* **BRIEF**
When you reach the line below that has "Nexus (1965) Henry", start returning lines exactly, and stop after the line that has "puthiac 8x8 Solid"; skip the pictures.

* **RECORDS PROVIDED**
--

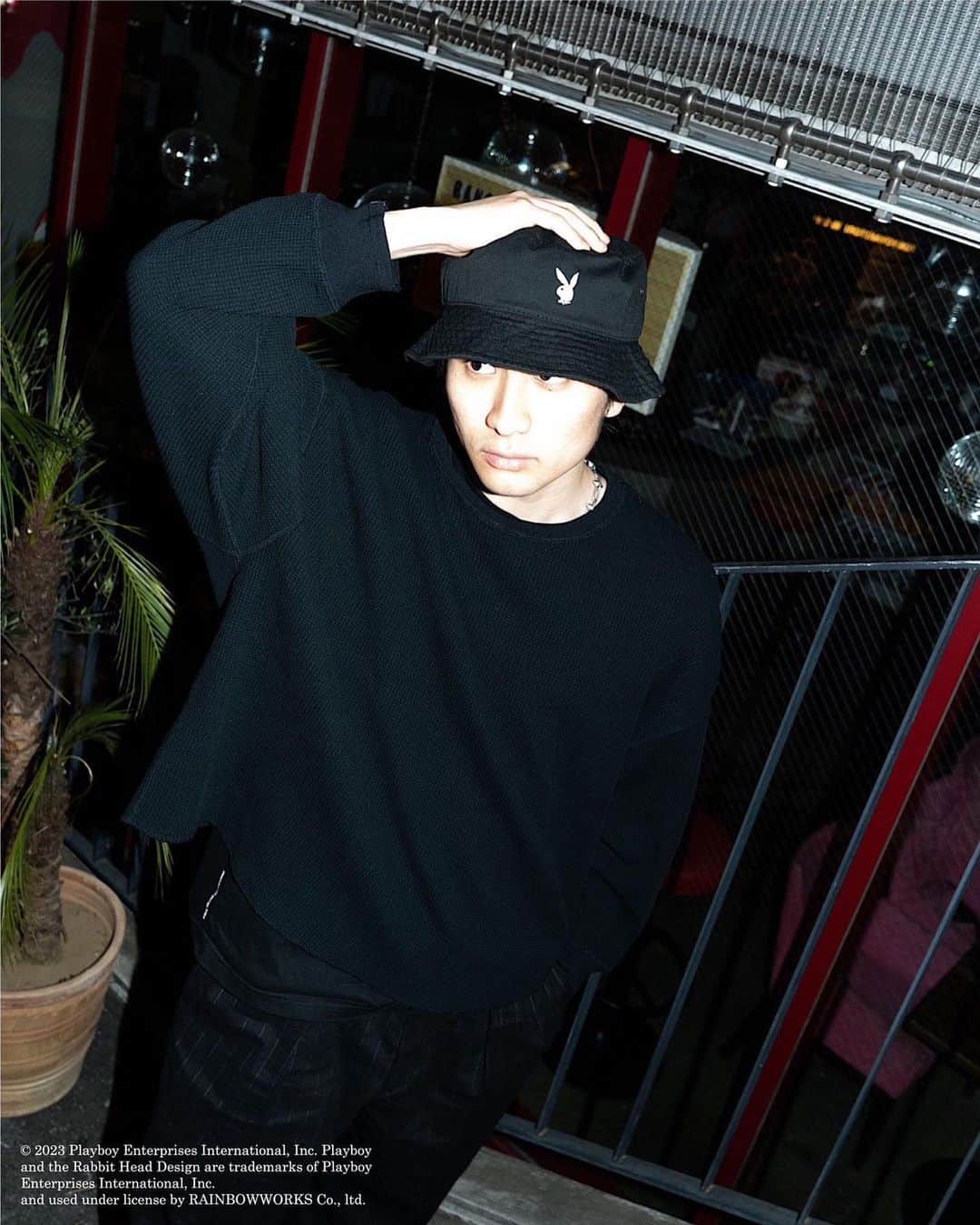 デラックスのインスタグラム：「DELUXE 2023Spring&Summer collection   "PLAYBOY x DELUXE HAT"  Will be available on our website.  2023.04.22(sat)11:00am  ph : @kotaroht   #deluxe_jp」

--

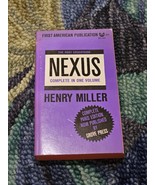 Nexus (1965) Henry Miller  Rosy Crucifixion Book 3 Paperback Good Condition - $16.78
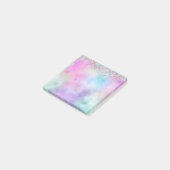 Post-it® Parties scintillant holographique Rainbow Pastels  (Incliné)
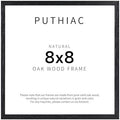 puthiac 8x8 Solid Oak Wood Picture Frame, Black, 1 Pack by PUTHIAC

--

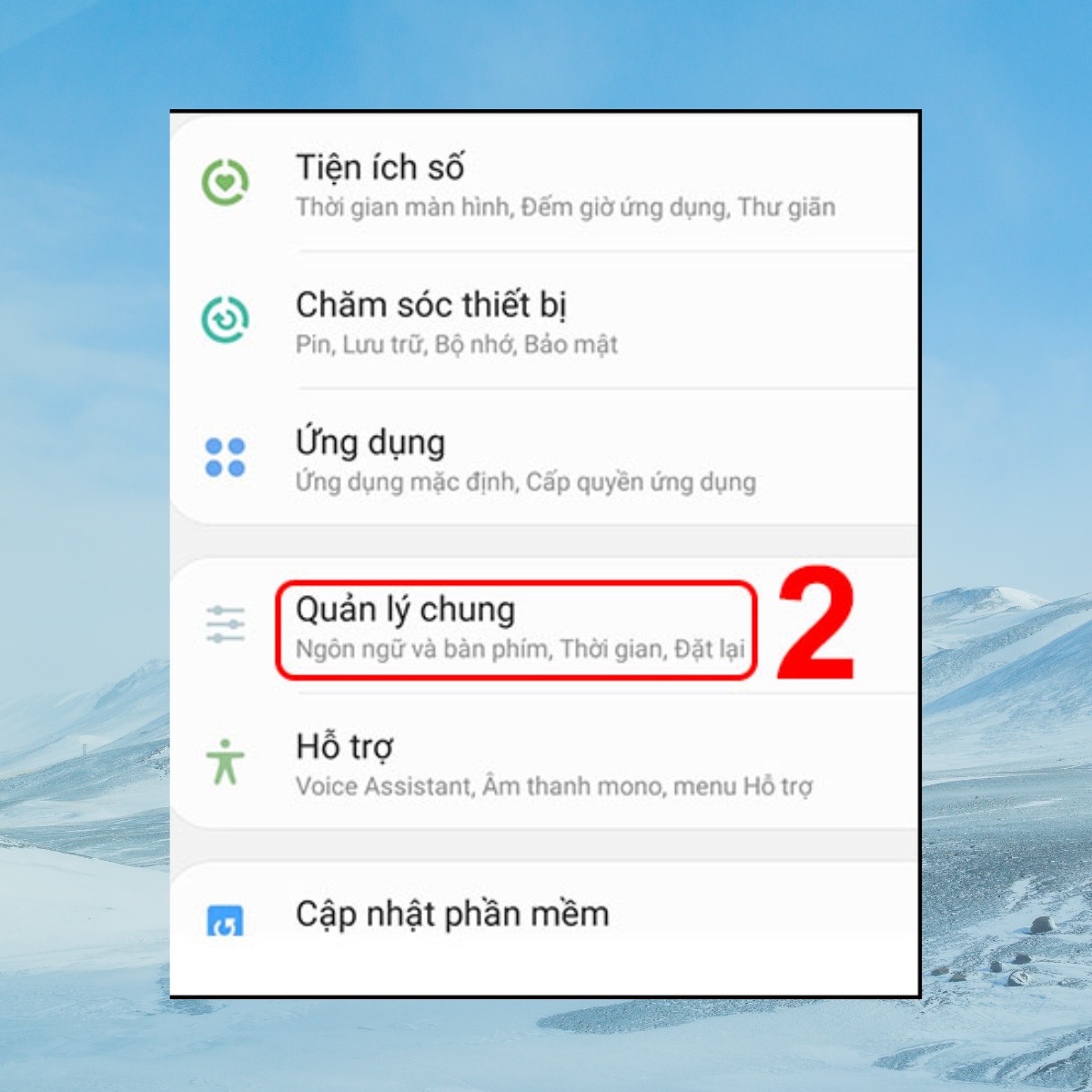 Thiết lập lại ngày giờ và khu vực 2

--

* **RESULT OF THE TASK**
 Nexus (1965) Henry Miller  Rosy Crucifixion Book 3 Paperback Good Condition - $16.78
 Post-it® Parties scintillant holographique Rainbow Pastels  (Incliné)
 puthiac 8x8 Solid Oak Wood Picture Frame, Black, 1 Pack by PUTHIAC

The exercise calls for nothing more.